- Country: South Africa
- Location: Upington, Dawid Kruiper Municipality, ZF Mgcawu District, Northern Cape Province
- Coordinates: 28°28′50″S 21°32′45″E﻿ / ﻿28.48056°S 21.54583°E
- Status: Operational
- Construction began: 2015
- Commission date: November 2018
- Construction cost: US$180 million
- Owner: Karoshoek Solar One Pty Limited
- Operator: Karoshoek Solar One

Solar farm
- Type: Flat-panel PV
- Site area: 400 hectares (1.5 sq mi)

Power generation
- Nameplate capacity: 100 MW (130,000 hp)
- Annual net output: 380 GWh

= Karoshoek Solar Power Station =

Solar farm in South Africa

The Karoshoek Solar One Power Station, also Karoshoek Concentrated Solar Power Station, is a 100 megawatts concentrated solar power plant in South Africa. The solar component of this power station comprises curved mirrors that heat a fluid to a high temperature. The hot fluid is used to heat water, creating steam. The steam then "drives a steam turbine to convert the energy into electricity". That part of the power station is complemented by molten salt thermal storage technology, which "allows five hours of energy storage, enabling the plant to continue producing electricity in the absence of sunlight", supplying energy during South African peak hours.
The consortium that owns the solar farm comprises foreign and domestic independent power producers (IPPs) and local and international financiers and other investors.

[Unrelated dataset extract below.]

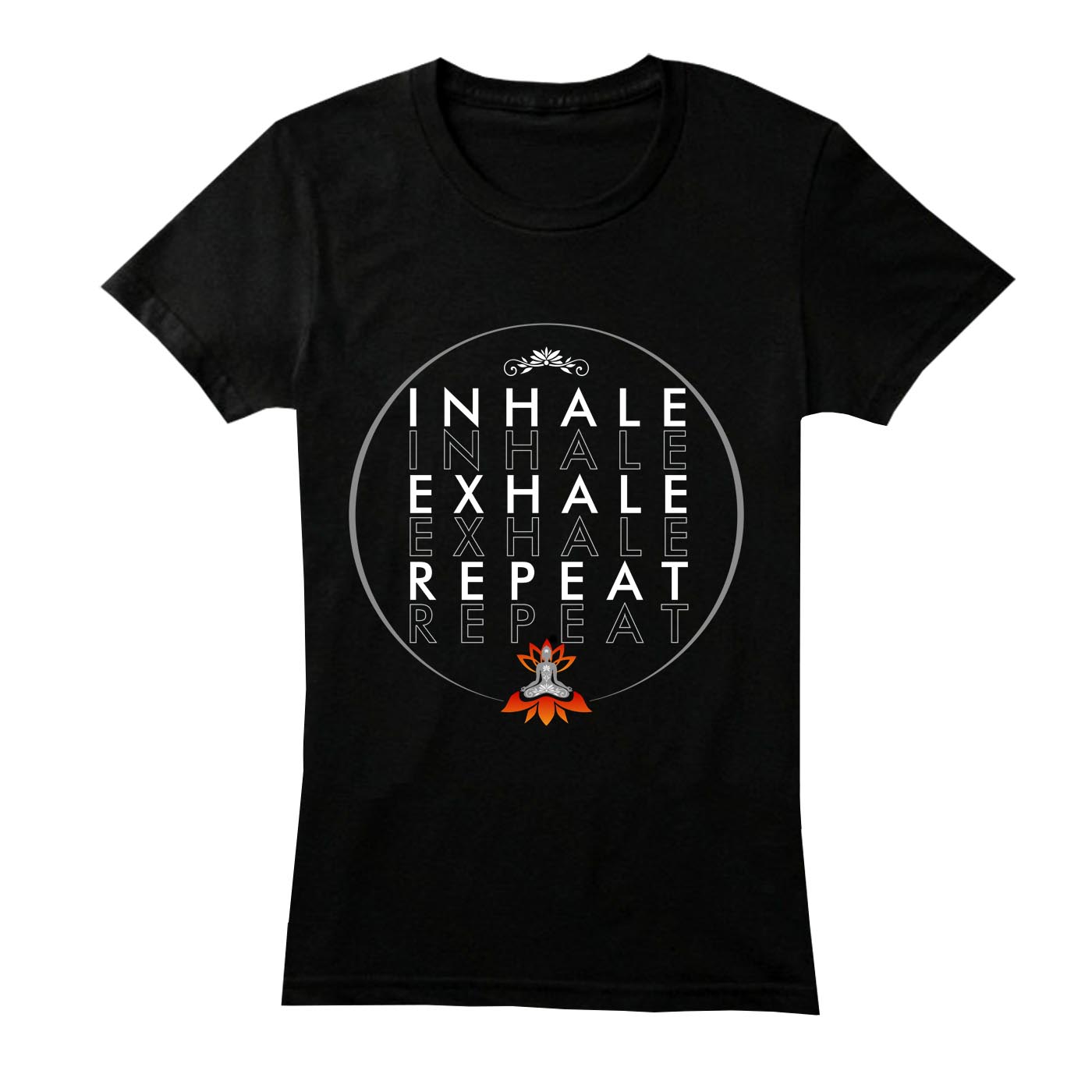 Inhale Exhale Repeat Yoga T-Shirt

A 20-year power purchase agreement (PPA), between the owners and Eskom, the South African electric utility company, governs the sale of the generated energy to Eskom, the off-taker. The power station achieved commercial commissioning in November 2018.

==Location==
The power station is located about 30 km, east of Upington, a small town in Dawid Kruiper Municipality, ZF Mgcawu District, in the Northern Cape Province. Upington is located approximately 409 km by road, west of the city of Kimberley, the capital of Northern Cape Province. The geographical coordinates of Karoshoek Solar One Power Station are: 28°28'50.0"S, 21°32'45.0"E (Latitude:-28.480556; Longitude:21.545833).

==Overview==
Using 360,000 parabolic mirrors, arranged precisely to track the sun's movement using GPS technology, the station concentrates sunlight to produce heat. That heat is then used to heat water to produce steam. It is the steam that drives the electricity generators to generate electricity. Some of the heat is simultaneously used to melt salts to store energy. When the sun sets, the solar component is extinguished. The molten salts are then processed through a heat exchanger to release heat and generate electricity, after sunset. The molten salts store heat that allows the power station to generate power up to five hours after the sun sets. Karoshoek Concentrated Solar Power Station was developed between 2015 and 2018 as part of te South African Government's Renewable Energy Independent Power Producer Procurement Programme (REIPPPP).

==Developers==
The owners of the power station established a special purpose vehicle company (SPV). For descriptive purposes, we will call the SPV Karoshoek Solar One Consortium Limited. The SPV was tasked to own, design, finance, develop, operate and maintain this power station for the duration of the PPA. The ownership in the SPV at the time of commissioning is as illustrated in the table below.

Shareholding In Karoshoek Solar One Consortium Limited
| Rank | Shareholder | Domicile | Percentage | Notes |
|---|---|---|---|---|
| 1 | Industrial Development Corporation | South Africa | 20.0 |  |
| 2 | Cobra Group | Spain | 20.0 |  |
| 3 | Public Investment Corporation | South Africa | 20.0 |  |
| 4 | Emvelo Holdings | South Africa | 15.0 |  |
| 5 | Karoshoek Community Trust | South Africa | 15.0 |  |
| 6 | Hosken Consolidated Investment | South Africa | 10.0 |  |
|  | Total |  | 100.0 |  |

==Construction costs and commissioning==

The power station cost US$180 million to construct. The engineering, procurement and construction (EPC) contract was awarded to a joint venture company called Dankocom, comprising Cobra, Emvelo and Sener, an engineering and technology group based in Spain. Ground breaking occurred sometime in 2015 and commercial commissioning took place on 30 November 2018.